If I remember correctly, in simultaneous equations, cross-causality is also a cause for endogeneity, but in VAR models, the causality moves in one direction, the past impacts the future and not vice-versa.
So why are the variables in a VAR model considered endogenous?
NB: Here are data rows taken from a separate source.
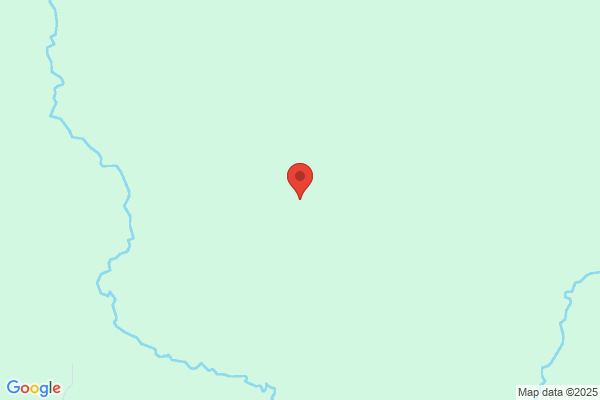 Wood County of, Register of Deeds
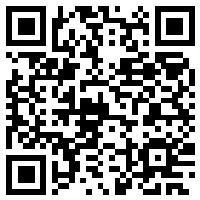 QR Code for bitcoin:1Bna2rH8fGF5YU5fgVBsc7jPrvCvwok4Nm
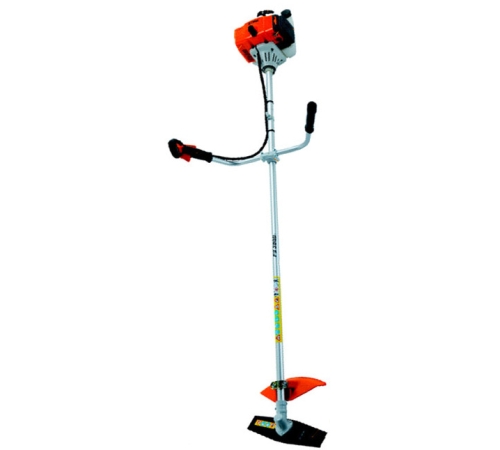 Máy cắt cỏ Stihl FS3900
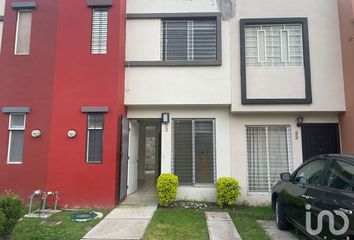 Casa en  Calle Los Pinos, Amaranto, Tesistán, Zapopan, Jalisco, 45200, Mex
Does it have to do with the interdependence of one equation on the lagged values of its own as well as the other equations?
Consider a bivariate zero-mean VAR(1) model \begin{aligned} y_{1,t} &= a_{1,1} y_{1,t-1} a_{1,2} y_{2,t-1} + u_{1,t}, \\ y_{2,t} &= a_{2,1} y_{1,t-1} a_{2,2} y_{2,t-1} + u_{2,t} \end{aligned} or in matrix notation, $\mathbb{y}_t=A \mathbb{y}_{t-1} + \mathbb{u}_t$.
Both $y_{1,t}$ and $y_{2,t}$ are dependent variables, each in its own equation, so they are explained by the model. Thus, they are endogenous. The lags, on the other hand, might seem to be exogenous, as they are not explained by the model... or are they?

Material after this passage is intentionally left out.